– Расскажи о себе. Чем ты занимаешься, кроме того, что бегаешь по крышам?..
Васька не очень любит задавать этот вопрос: что бы не ответил собеседник, он автоматически получает право на симметричное
– Ничем. Или всем понемногу. Какой ответ тебя устроит больше?
– И тот и другой.
– Вообще-то, у меня есть лицензия на занятия промышленным альпинизмом.
Табак в Васькиной сигарете едва слышно потрескивает, на смену смородиновому запаху приходит запах жженой бумаги; промышленный альпинизм – вот о чем она мечтала. Вот что могло составить ее счастье, раз уж она приклеилась намертво к этому чертовому Городу. Представить себя в роли промышленного альпиниста Ваське не составляет особого труда – о-о, она справилась бы с этим в два счета. Другое дело – Ямакаси. За купол Троицкого собора заходит солнце, и в его лучах Ямакаси похож на птицу Кетцаль. Когда-то давно блаженная дурочка Мика пыталась рассказать ей об этой птице, да только Васька и слушать не стала, жаль. Но и без того Васька уверена – Кетцаль, Кетцаль.
Кетцаль, повелительница всех диковинных птиц, сидящих на антеннах, хотя в случае с Ямакаси, скорее, – повелитель. Зачем повелителю какая-то дурацкая лицензия? Это во-первых. И во-вторых – татуировки. Они лениво омывают кожу Ямакаси, и волосы Ямакаси, и глаза Ямакаси – с таким же налетом ленцы, восточной созерцательности. Он никогда не будет делать то, что ему не нравится. Никогда не будет добывать в поте лица хлеб насущный. Удивительный он человек.
Или все же – птица?
– …Ха! Ты купил эту лицензию, признайся.
– Украл. А ее хозяина – убил. И забрал все остальные документы. Без документов у вас здесь не проживешь.
Ваське неожиданно становится весело – еще веселее, чем минуту назад. Не потому, что она не поверила ни одному слову Ямакаси, напротив –
Как теперь испытывает слабость к Ямакаси.
– Я бы никого не смогла убить…
– Тебе только кажется, что не смогла бы.
– Может, и так. Однажды я едва не пришибла котенка. Он не хотел сидеть на руках, не хотел мурлыкать, не хотел привязываться ко мне.
– И ты расстроилась?
– Очень. А ведь мне было нужно совсем немного…
– Чтобы он мурлыкал?
– Чтобы он любил меня.
– Это проблема, – вполне серьезно замечает Ямакаси.
– Теперь уже нет.
– Нашла котенка, который тебя полюбил?
– Просто отказалась от мыслей о любви. Теперь сплю спокойно.
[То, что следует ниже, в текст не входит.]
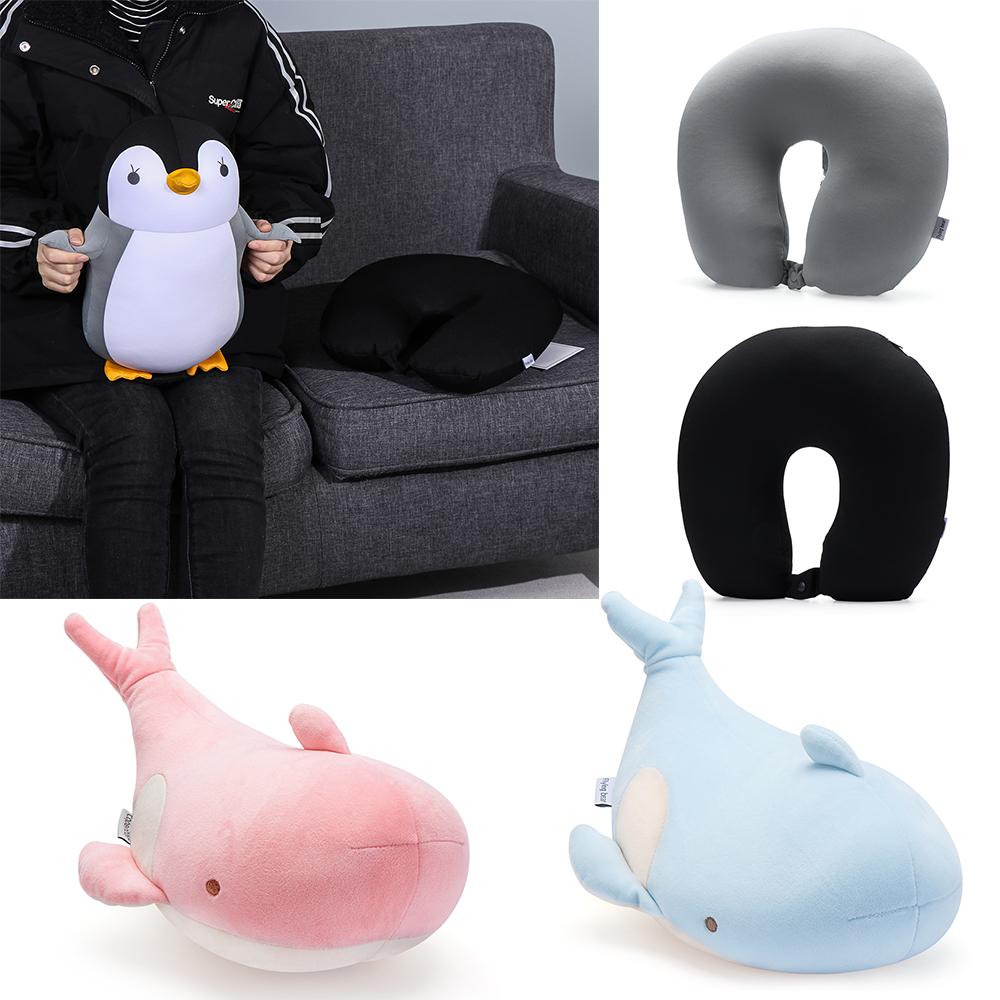 Changable Cervical Cartoon Protection Neck U Shaped Travel Pillow Penguin Whale Fluffy Pillows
– А эти парни… Они вроде бы к тебе неравнодушны. И были бы не прочь… помурлыкать у тебя на руках.
– Меня они не интересуют.
– А я?..
Это не флирт в привычном понимании. И в самом вопросе гораздо больше детского любопытства, чем примитивного мужского желания вступить в борьбу за самку – вдруг что обломится. Ямакаси вовсе не горит желанием обладать ею, такие вещи Васька просекает моментально. Тогда чего он хочет?
– Говорят, у тебя есть заветное слово.
– Какое еще слово? – удивляется Ямакаси.
– Слово или заклинание. Ты произносишь его прежде, чем прыгнуть. Это правда?
– Враки.
– Так-таки и нет ничего?
– Ну-у… Почти. Хоть я и не люблю раскрывать свои тайны, но тебе скажу…
Только что они сидели на краю крыши, как старинные приятели; сидели и обменивались ничего не значащими репликами про убийство, любовь и котят – а теперь Васька ощущает лопатками нагретое за день железо. И не видит пи куполов, ни реки, а лишь высокий, категорически не желающий темнеть небосвод. Грозовой фронт справа – лицо Ямакаси. Он заслоняет четверть неба, затем – треть, и вот уже безраздельно властвует над Васькой. Перистые облака бровей, кучевые облака скул, один глаз – луна, другой – солнце (и солнце, и луна не круглые – вытянутые, ущербные); то, что казалось щетиной, – на самом деле тоже татуировки.
– Это и есть слово? – Васька немного разочарована.
– Может быть.
Ямакаси не торопится очистить горизонт, если он полезет целоваться, – как придурки Чук и Гек, как все остальные придурки, – то обязательно все испортит.
– И что нужно делать с этим словом? С этими словами?
– Что хочешь. Можешь с маслом съесть, можешь с водкой выпить.